I updated my Insight article by adding at the end a lot of factual information on vacuum fluctuations and related topics, based on the fairly precise definition of vacuum fluctuations on p.119 in the quantum field theory book by Itzykson and Zuber 1980.

 

[vanhees71]

To be pedantic: You write

According to the Born rule, the distribution of a quantum observable gives the probabilities for measuring values for the observable in independent, identical preparations of the system in identical states. Thus the presence of a Gaussian distribution means that the attempt to measure the electromagnetic field in the vacuum state cannot be done with arbitrary precision but has an inherent uncertainty.

I would write

According to the Born rule, the distribution of a quantum observable gives the probabilities for measuring values for the observable in independent, identical preparations of the system in identical states. Thus the presence of a Gaussian distribution means that the value of the electromagnetic field in the vacuum state is not determined with arbitrary precision but has an inherent uncertainty.

The fluctuations of observables are not due to the limitations of measurement accuracy but due to the state the system is prepared in. This is also often discussed in a misleading way in context of the usual uncertainty relation.
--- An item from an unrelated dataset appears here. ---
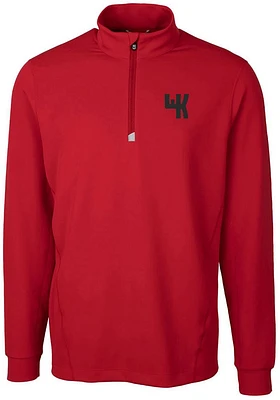 Cutter and Buck Western Kentucky Hilltoppers Mens Red Traverse Stretch Long Sleeve Qtr Zip Pullove..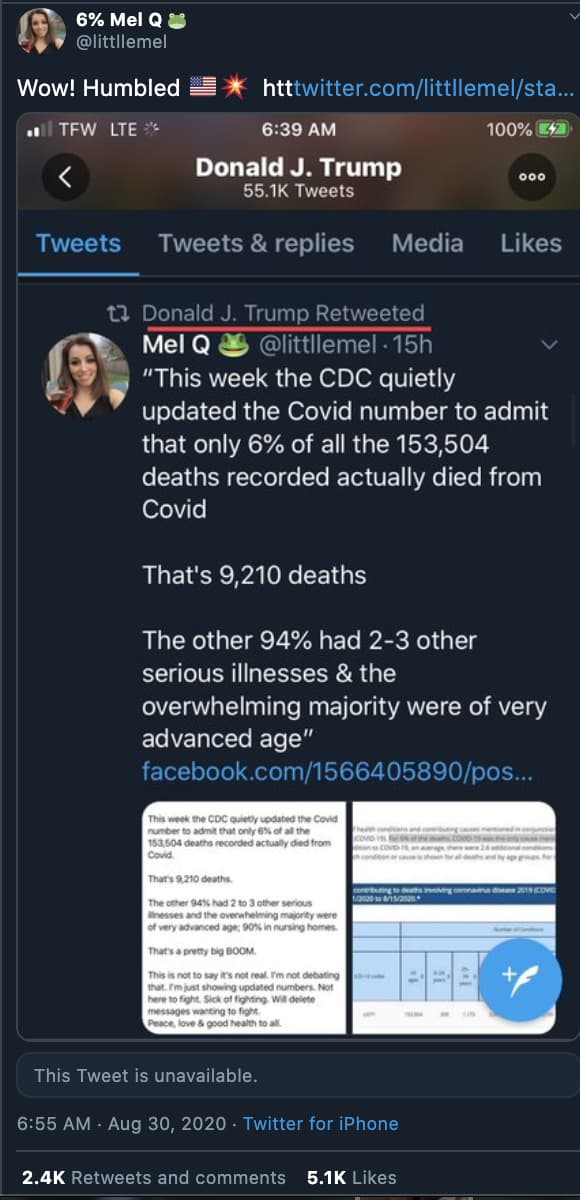 La capture d'écran du message retweeté par Donald Trump La capture d'écran du message retweeté par Donald Trump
Also in this case the uncertainty/fluctuations of observables are due to the impossibility to prepare the system in such a way that both incompatible observables have a determined value; it's not a limitation to the accuracy you can measure the one or the other observable.

 

[A. Neumaier]

According to the Born rule, the distribution of a quantum observable gives the probabilities for measuring values for the observable in independent, identical preparations of the system in identical states. Thus the presence of a Gaussian distribution means that the value of the electromagnetic field in the vacuum state is not determined with arbitrary precision but has an inherent uncertainty.

Yes, that's an improvement. I updated the page.